[PATCH RFC 11/14] mm: remove "horrible special case to handle copy-on-write behaviour"

David Hildenbrand posted 14 patches 3 months, 3 weeks ago
[PATCH RFC 11/14] mm: remove "horrible special case to handle copy-on-write behaviour"
Posted by David Hildenbrand 3 months, 3 weeks ago
Let's make the kernel a bit less horrible, by removing the
linearity requirement in CoW PFNMAP mappings with
!CONFIG_ARCH_HAS_PTE_SPECIAL. In particular, stop messing with
vma->vm_pgoff in weird ways.

Simply lookup in applicable (i.e., CoW PFNMAP) mappings whether we
have an anon folio.

Nobody should ever try mapping anon folios using PFNs, that just screams
for other possible issues.

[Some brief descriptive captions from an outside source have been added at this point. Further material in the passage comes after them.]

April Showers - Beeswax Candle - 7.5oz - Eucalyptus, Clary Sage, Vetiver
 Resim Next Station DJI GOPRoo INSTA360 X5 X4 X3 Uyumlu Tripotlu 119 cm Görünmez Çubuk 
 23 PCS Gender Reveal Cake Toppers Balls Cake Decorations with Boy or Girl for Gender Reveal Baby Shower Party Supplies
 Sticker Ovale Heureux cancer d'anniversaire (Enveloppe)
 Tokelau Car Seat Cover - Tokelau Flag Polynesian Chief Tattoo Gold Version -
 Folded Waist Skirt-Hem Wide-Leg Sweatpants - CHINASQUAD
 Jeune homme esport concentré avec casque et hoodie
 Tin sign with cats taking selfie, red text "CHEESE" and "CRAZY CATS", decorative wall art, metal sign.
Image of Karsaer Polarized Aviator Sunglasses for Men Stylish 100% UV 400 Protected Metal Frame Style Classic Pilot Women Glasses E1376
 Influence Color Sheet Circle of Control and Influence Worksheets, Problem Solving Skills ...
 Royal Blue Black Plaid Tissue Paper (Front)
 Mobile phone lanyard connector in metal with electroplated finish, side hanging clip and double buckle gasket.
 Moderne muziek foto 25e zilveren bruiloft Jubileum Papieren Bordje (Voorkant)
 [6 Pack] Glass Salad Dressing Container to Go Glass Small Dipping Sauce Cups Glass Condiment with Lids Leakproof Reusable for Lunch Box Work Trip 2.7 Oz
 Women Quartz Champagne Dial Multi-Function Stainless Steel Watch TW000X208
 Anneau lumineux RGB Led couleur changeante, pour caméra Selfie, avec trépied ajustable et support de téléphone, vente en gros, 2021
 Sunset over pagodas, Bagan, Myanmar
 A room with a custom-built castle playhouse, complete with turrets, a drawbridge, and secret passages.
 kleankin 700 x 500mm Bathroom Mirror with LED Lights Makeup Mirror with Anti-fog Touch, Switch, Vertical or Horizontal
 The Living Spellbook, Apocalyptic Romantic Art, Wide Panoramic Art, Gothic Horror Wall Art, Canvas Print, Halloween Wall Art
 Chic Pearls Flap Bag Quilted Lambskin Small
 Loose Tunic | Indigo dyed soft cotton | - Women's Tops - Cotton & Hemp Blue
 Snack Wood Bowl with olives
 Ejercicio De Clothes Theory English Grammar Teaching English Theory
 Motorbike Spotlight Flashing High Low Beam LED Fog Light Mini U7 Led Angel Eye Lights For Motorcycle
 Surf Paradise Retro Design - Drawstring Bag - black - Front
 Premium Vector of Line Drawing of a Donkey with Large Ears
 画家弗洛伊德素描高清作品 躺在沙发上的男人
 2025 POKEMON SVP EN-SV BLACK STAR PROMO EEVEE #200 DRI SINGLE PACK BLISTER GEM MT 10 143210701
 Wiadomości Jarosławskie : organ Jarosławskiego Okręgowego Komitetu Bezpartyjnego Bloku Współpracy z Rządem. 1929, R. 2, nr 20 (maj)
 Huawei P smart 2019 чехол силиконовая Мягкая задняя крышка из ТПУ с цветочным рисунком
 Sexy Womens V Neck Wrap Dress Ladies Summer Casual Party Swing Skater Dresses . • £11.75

To be sure, let's sanity-check when inserting
PFNs. Are they really required? Probably not, but it's a good safety net
at least for now.

The runtime overhead should be limited: there is nothing to do for !CoW
mappings (common case), and archs that care about performance
(i.e., GUP-fast) should be supporting CONFIG_ARCH_HAS_PTE_SPECIAL
either way.

Likely the sanity checks added in mm/huge_memory.c are not required for
now, because that code is probably only wired up with
CONFIG_ARCH_HAS_PTE_SPECIAL, but this way is certainly cleaner and
more consistent -- and doesn't really cost us anything in the cases we
really care about.

Signed-off-by: David Hildenbrand <david@redhat.com>
---
 include/linux/mm.h |  16 ++++++
 mm/huge_memory.c   |  16 +++++-
 mm/memory.c        | 118 +++++++++++++++++++++++++--------------------
 3 files changed, 96 insertions(+), 54 deletions(-)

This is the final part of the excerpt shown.